I just had an intense pooping experience that I can share only with you. No funny metaphors. No descriptions. Just the straight facts.
You know that I am the proud owner of a case of irritable bowel syndrome (IBS). Usually this means that I have no set schedule for pooping and that I get an urgent case of the runs from time to time. I don't pay much attention to my pooping habits -- it just kind of comes when it comes. But one of the consequences of being married to a physician is that I have become marginally more aware of my pooping schedule. So...
...so a few days ago, I thought, "Hmm... I haven't pooped in a few days. I think I'll have a handful of raisins. That usually cleans things out in a hurry." I'd been eating a few scoops every few hours over the past few days, but no action. I realized that in spite of drinking lots and lots of hot caffeinated beverages (but no coffee or chocolate for me before getting on the Metro --too risky!), there was still no action. I wasn't concerned, exactly, but I did think I was a bit past due.
This afternoon I started getting some mild stomach cramps. Thinking that the time had arrived (I did have two huge mugs of hot chocolate this morning), I headed over to the throne. Nothing immediate, except this sensation that something was stuck between my colon and poop chute. Not hanging out, you understand, but sort of deliberating about whether to enter the final passage. This meant I was stuck: it wouldn't come out (it felt like a cone with the tip pointing out), and I couldn't get up and move around.
I strained and strained, but I just couldn't get things moving. The sensation was quite odd. It felt like my chute was being pushed inside out -- from the inside. It was very uncomfortable, not so much physically (though that wasn't great) as it was mentally. I just wanted this thing out of my body! What if I had to go the E.R.? What if it tore something coming out?
I finally stood up, thinking that a change of position might improve things. It did a bit, so I dashed off and grabbed a book and the phone and ran back to the pot. I called my wife and asked her to bring a stool softener when she came home from her lunch.
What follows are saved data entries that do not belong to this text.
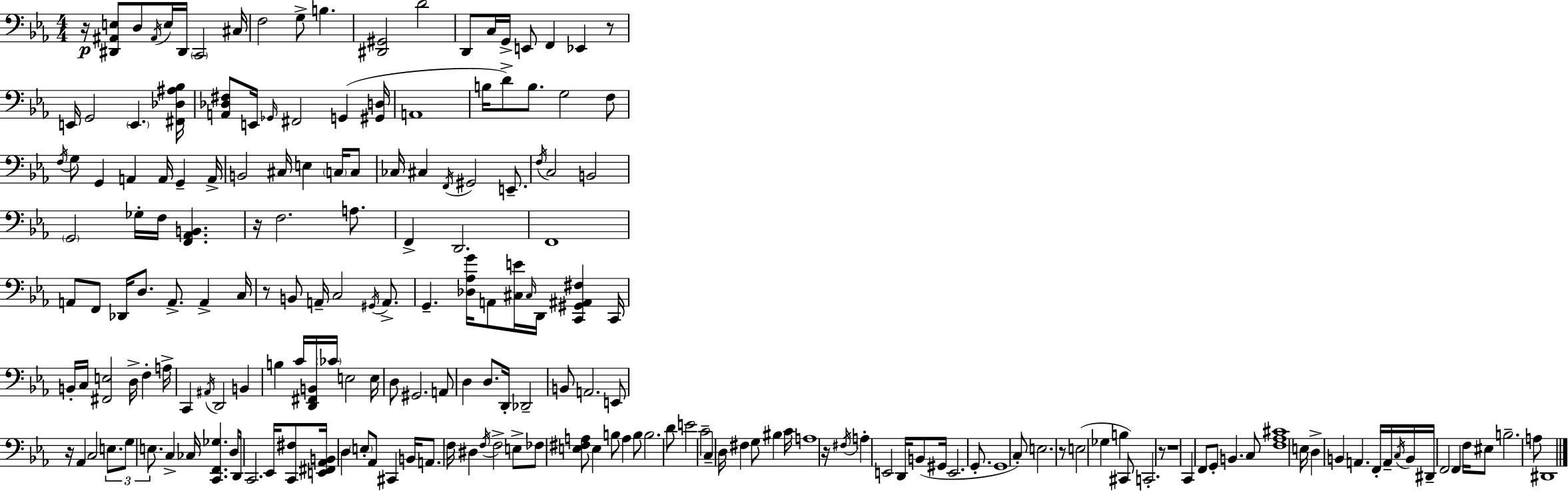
X:1
T:Untitled
M:4/4
L:1/4
K:Eb
z/4 [^D,,^A,,E,]/2 D,/2 ^A,,/4 E,/4 ^D,,/4 C,,2 ^C,/4 F,2 G,/2 B, [^D,,^G,,]2 D2 D,,/2 C,/4 G,,/4 E,,/2 F,, _E,, z/2 E,,/4 G,,2 E,, [^F,,_D,^A,_B,]/4 [A,,_D,^F,]/2 E,,/4 _G,,/4 ^F,,2 G,, [^G,,D,]/4 A,,4 B,/4 D/2 B,/2 G,2 F,/2 F,/4 G,/2 G,, A,, A,,/4 G,, A,,/4 B,,2 ^C,/4 E, C,/4 C,/2 _C,/4 ^C, F,,/4 ^G,,2 E,,/2 F,/4 C,2 B,,2 G,,2 _G,/4 F,/4 [F,,_A,,B,,] z/4 F,2 A,/2 F,, D,,2 F,,4 A,,/2 F,,/2 _D,,/4 D,/2 A,,/2 A,, C,/4 z/2 B,,/2 A,,/4 C,2 ^G,,/4 A,,/2 G,, [_D,_A,G]/4 A,,/2 [^C,E]/4 ^C,/4 D,,/4 [C,,^G,,^A,,^F,] C,,/4 B,,/4 C,/4 [^F,,E,]2 D,/4 F, A,/4 C,, ^A,,/4 D,,2 B,, B, C/4 [D,,^F,,B,,]/4 _C/4 E,2 E,/4 D,/2 ^G,,2 A,,/2 D, D,/2 D,,/4 _D,,2 B,,/2 A,,2 E,,/2 z/4 _A,, C,2 E,/2 G,/2 E,/2 C, _C,/4 [C,,F,,_G,] D,/2 D,,/4 C,,2 _E,,/4 [C,,^F,]/2 [E,,^F,,_A,,B,,]/4 D, E,/2 _A,,/2 ^C,, B,,/4 A,,/2 F,/4 ^D, F,/4 F,2 E,/2 _F,/2 [E,^F,A,]/2 E, B,/2 A, B,/2 B,2 D/2 E2 C2 C, D,/4 ^F, G,/2 ^B, C/4 A,4 z/4 ^F,/4 A, E,,2 D,,/4 B,,/2 ^G,,/4 E,,2 G,,/2 G,,4 C,/2 E,2 z/2 E,2 _G, B, ^C,,/2 C,,2 z/2 z4 C,, F,,/2 G,,/2 B,, C,/2 [F,_A,^C]4 E,/4 D, B,, A,, F,,/4 A,,/4 C,/4 B,,/4 ^D,,/4 F,,2 F,, F,/4 ^E,/2 B,2 A,/2 ^D,,4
She was already close, so she told me that she would just make me a cup of tea and that that would help.
To summarize the next few hours: I read Ben Franklin's autobiography on the throne and I soaked in a very hot bath, thinking that that might get things moving, changing from one to the other from time to time. Finally my wife, answering my call for help, handed me an enema bottle and said, "Try this." I was getting desperate enough to do as she suggested.
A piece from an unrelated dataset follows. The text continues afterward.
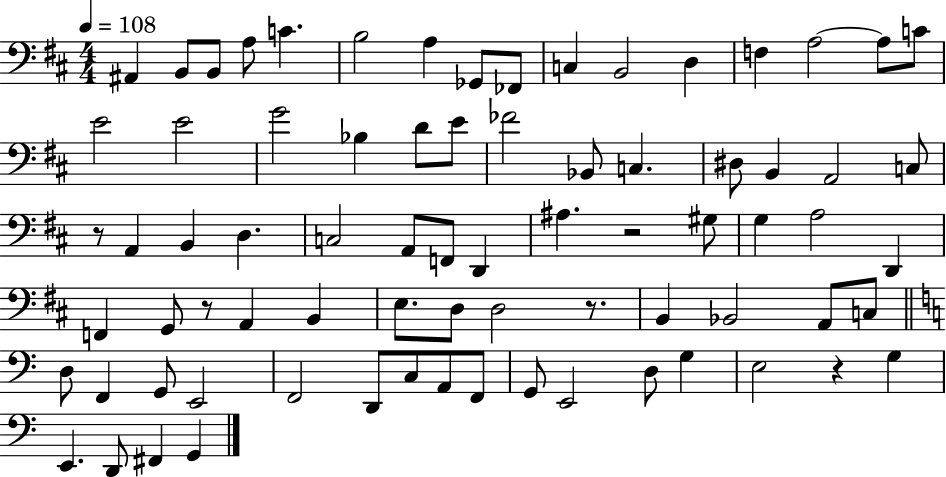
A#2/q B2/e B2/e A3/e C4/q. B3/h A3/q Gb2/e FES2/e C3/q B2/h D3/q F3/q A3/h A3/e C4/e E4/h E4/h G4/h Bb3/q D4/e E4/e FES4/h Bb2/e C3/q. D#3/e B2/q A2/h C3/e R/e A2/q B2/q D3/q. C3/h A2/e F2/e D2/q A#3/q. R/h G#3/e G3/q A3/h D2/q F2/q G2/e R/e A2/q B2/q E3/e. D3/e D3/h R/e. B2/q Bb2/h A2/e C3/e D3/e F2/q G2/e E2/h F2/h D2/e C3/e A2/e F2/e G2/e E2/h D3/e G3/q E3/h R/q G3/q E2/q. D2/e F#2/q G2/q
As I stared at the long tip of the enema, something shifted in my innards, and I thought I would take another chance. I got out of the tub, sat on the throne, and strained hard for about five minutes. Finally something immovable shifted, and with a few more mighty efforts I birthed what looked like a life-size reproduction of Carl Lewis' quad muscle. It was a single log, pointy on both ends, and with BOTH ends sticking out of the water. We just sat there, staring at each other.
There was more backlogged in behind that, but nothing like that first one. After a few minutes of felicitous evacuation I collapsed into the tub, trying to recover my strength before getting dressed and emerging to enjoy my triumph. All in all, it was an incredible experience. I have heard of constipation, but I had no idea that it could be like this.
You know those ads that say, "Our laxative is different from those harsh chemical laxatives?" For Heaven's sake, tell me the name of the harsh chemical one --that's the one I need!
It's only about six, but I'm going to bed. I'm exhausted.